If you think about it, there is a company that knows how to scale. We talk about scaling being a fantasy process. Well, that's wrong. Scaling is, actually, a lot of semi-autonomous teams that can make their own decisions and make stuff happen very rapidly. That is a much better concept of scaling than having a big, coordinated, orchestrated process. In the software world, that's the one that I see.
If you look at the roots of Amazon, it's in fulfillment. If you look at the things that have influenced fulfillment, it is basically a logistics concept.
All of the early stuff that Amazon did was based on Lean principles. Jeff Bezos even spent a week working in a factory, and he was working for a lean sensei. At one point, he went to sweep the warehouse floor. The Lean Sensei came up to him and said: "Why are you sweeping the floor?" And he responded: "Because it needs cleaning". And he (the Lean Sensei) said: "Fine, but if you really wanted to do something useful, you would figure out why it gets dirty and keep that from happening."
So, he (Jeff Bezos), in the whole fulfillment area, use many Lean principles to figure out how to speed up and reduce lean cost, and you can tell they had no standard way to ship.
Every time I got a box, you can tell it came from a different team experimenting with a different way of driving down the cost of shipping. And to this day, I keep marveling at: "Oh, that's a new concept". How can you have a new concept in shipping? But every individual team has the authority and the expectation that they will constantly figure out how to make their area better.
I think that there are, definitely, lean principles that also influenced how AWS comes together. Aws is a lot of independent teams with no standard process, with customer focus metrics, and a lot of problem-solving, coaching, and help. Even though they don't use the term lean, I think that they're lean.
I already talked about SpaceX, another company that I think really knows how to put hardware and software together on a massively complex scale. And they drove down the cost of launching a rocket, in a factor of seven.
The cost of launching one kilo into space stayed at 18,000 US dollars per kilo for 30 years. Now it's seven times cheaper, and they did that in five years. Now anybody can launch anything into space because it is so inexpensive. They figured out how to drive down that. That was the objective. And they figured out that to be a space company, their customers couldn't tolerate the current costs. They to figured out how to do it cheaper.

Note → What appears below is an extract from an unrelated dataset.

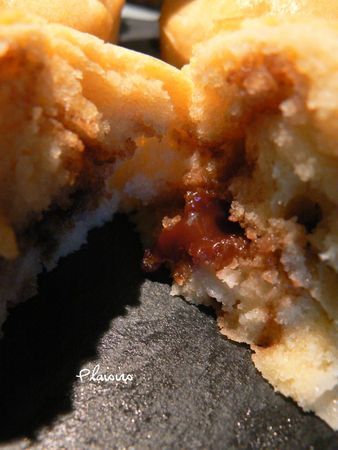 muffin pomme carambar (1)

That was their mantra, not because cheap was good, but because customers couldn't afford the current rates. They are now seven times cheaper and getting less expensive. All kinds of different companies can now launch a satellite up into space wherever they are. It's much more accessible because they focused a lot on the reusable stuff. That's a lean concept. Let's take a look at the whole system.
What are the limiting constraints that keep customers from being able to use what we have? How can we, even if it takes us ten years, change that dynamic?
Tom Poppendieck: I have never seen a successful lean company (if you define a Lean company as a company that does Lean practices). The reason is that practices are not Lean, even if some companies use them.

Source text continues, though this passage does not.